* RECORDS SHOWN:
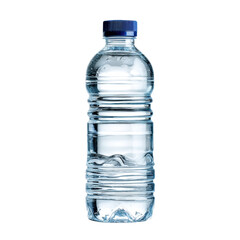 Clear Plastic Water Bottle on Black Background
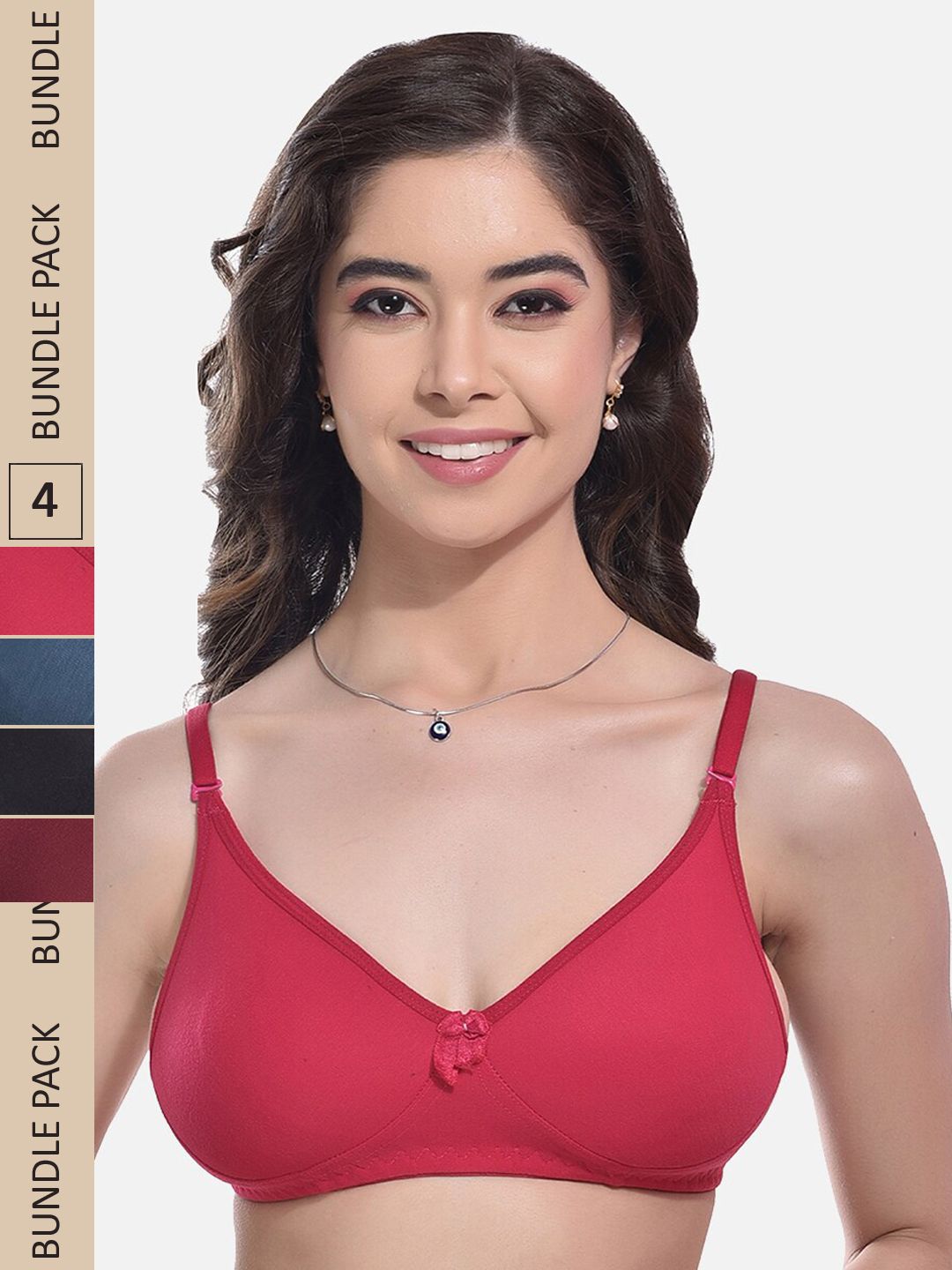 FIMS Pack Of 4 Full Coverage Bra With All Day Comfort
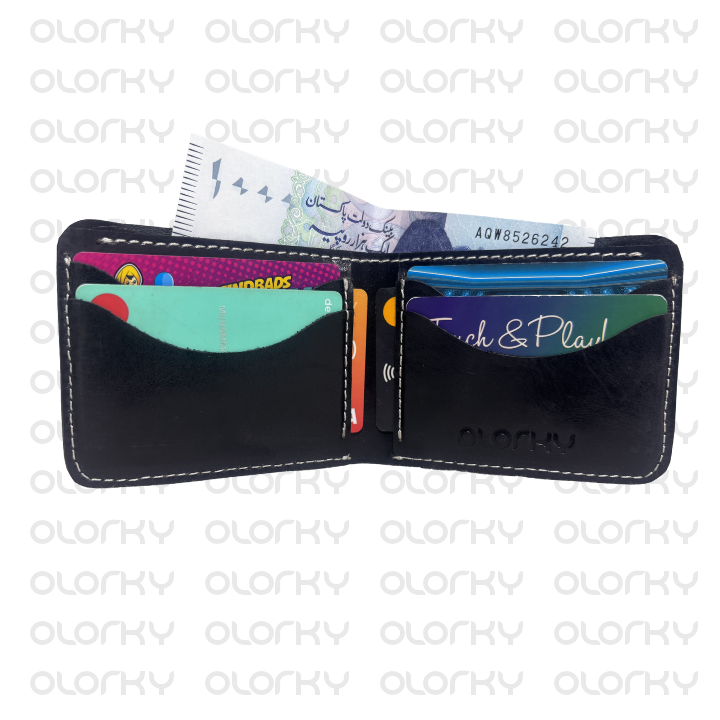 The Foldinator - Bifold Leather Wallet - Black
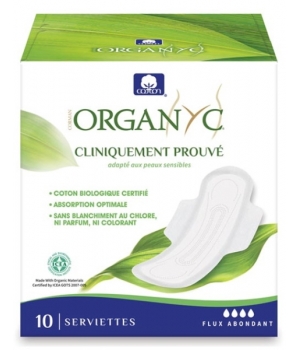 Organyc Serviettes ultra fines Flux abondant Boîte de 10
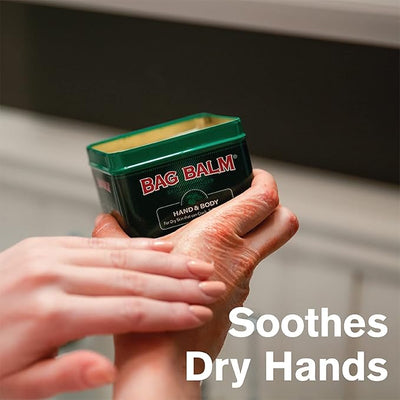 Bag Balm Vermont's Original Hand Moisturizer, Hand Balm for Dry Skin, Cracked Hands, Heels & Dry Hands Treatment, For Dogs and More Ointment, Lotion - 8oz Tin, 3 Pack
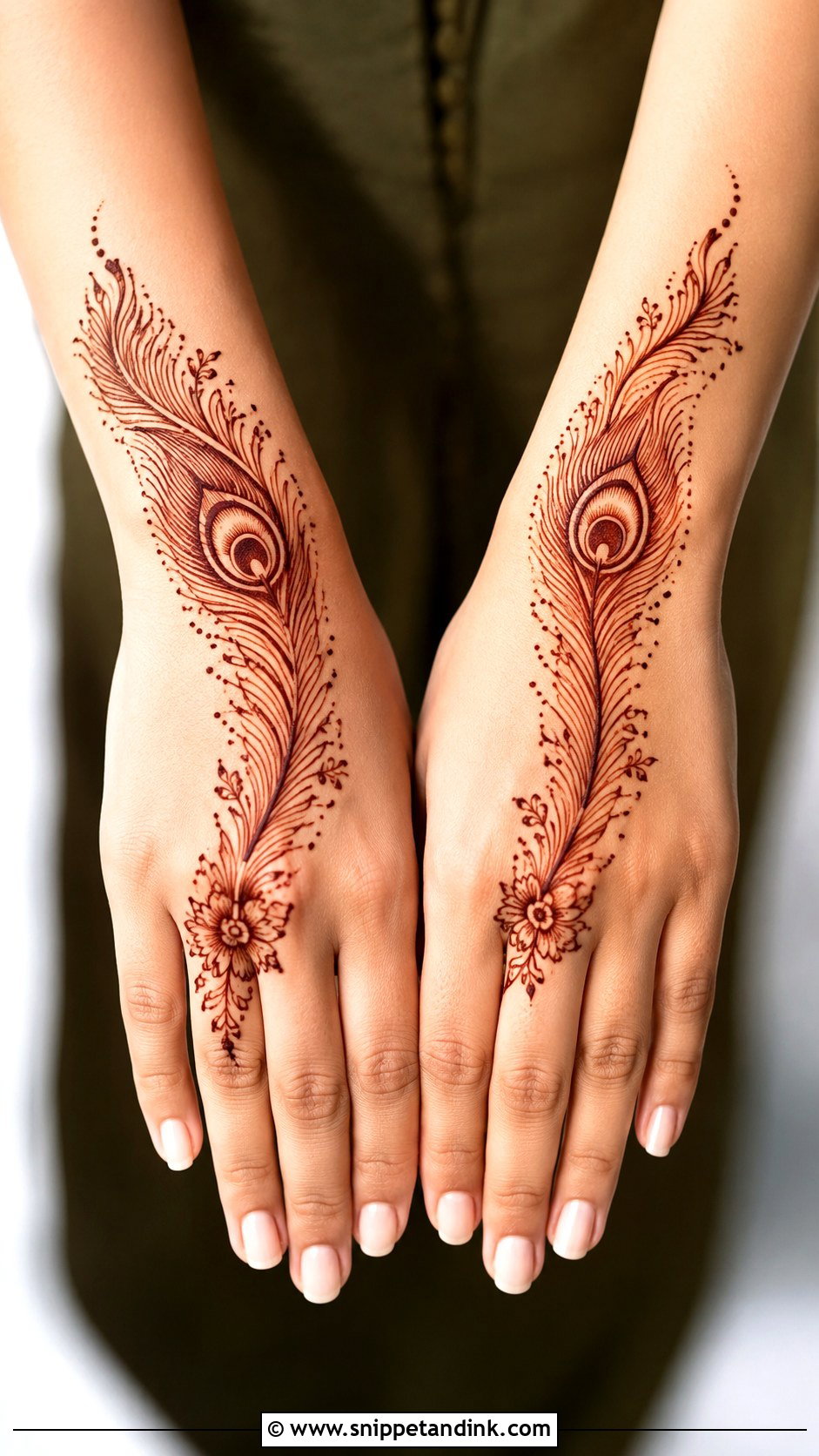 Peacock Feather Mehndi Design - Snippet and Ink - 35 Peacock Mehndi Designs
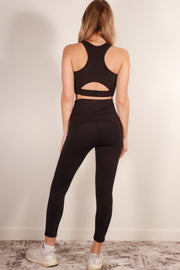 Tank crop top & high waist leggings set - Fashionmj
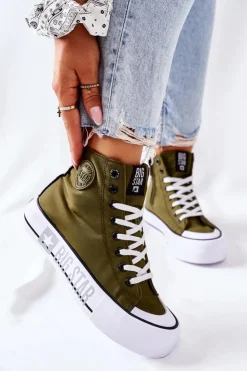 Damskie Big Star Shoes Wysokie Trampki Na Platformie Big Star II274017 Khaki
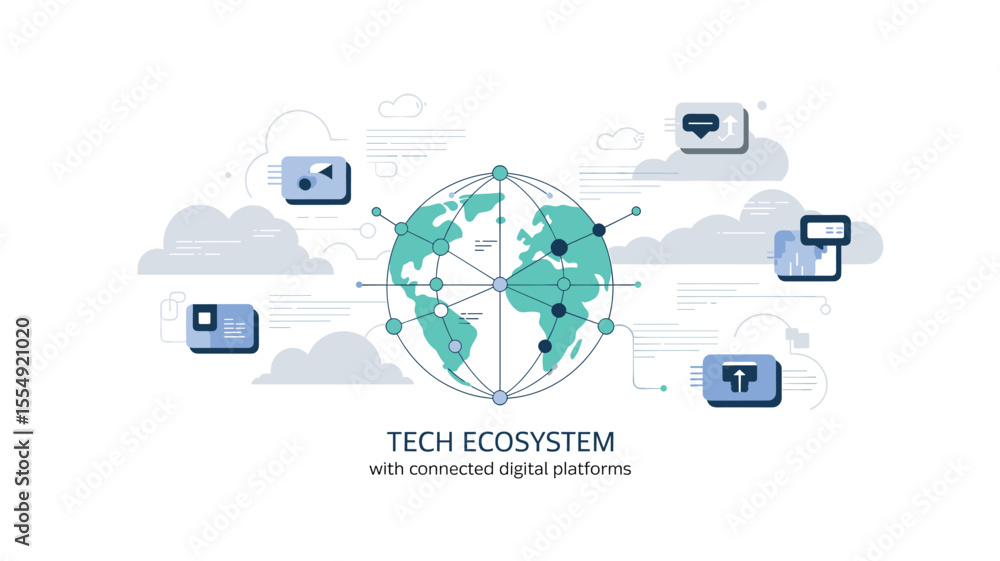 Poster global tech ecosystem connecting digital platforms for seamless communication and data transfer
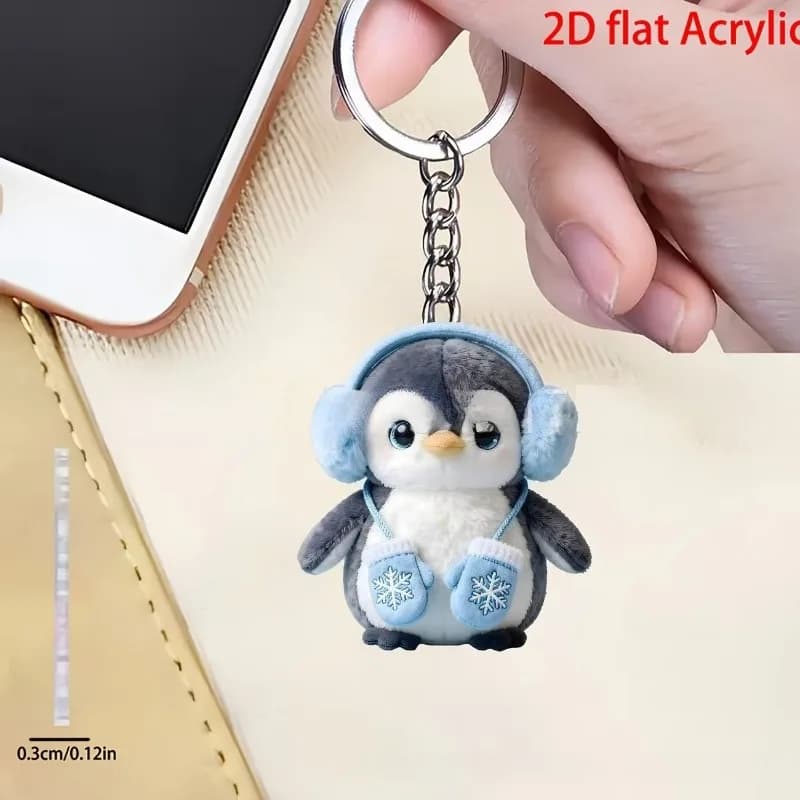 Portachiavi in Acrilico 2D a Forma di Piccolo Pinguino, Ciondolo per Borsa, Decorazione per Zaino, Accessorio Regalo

* PROBLEM DETAILS: Please quote the records above exactly, beginning at the line that contains "The Foldinator - Bifold" and ending at their last line. Leave the pictures out.

* EXERCISE SOLUTION:
 The Foldinator - Bifold Leather Wallet - Black
 Organyc Serviettes ultra fines Flux abondant Boîte de 10
 Bag Balm Vermont's Original Hand Moisturizer, Hand Balm for Dry Skin, Cracked Hands, Heels & Dry Hands Treatment, For Dogs and More Ointment, Lotion - 8oz Tin, 3 Pack
 Peacock Feather Mehndi Design - Snippet and Ink - 35 Peacock Mehndi Designs
 Tank crop top & high waist leggings set - Fashionmj
 Damskie Big Star Shoes Wysokie Trampki Na Platformie Big Star II274017 Khaki
 Poster global tech ecosystem connecting digital platforms for seamless communication and data transfer
 Portachiavi in Acrilico 2D a Forma di Piccolo Pinguino, Ciondolo per Borsa, Decorazione per Zaino, Accessorio Regalo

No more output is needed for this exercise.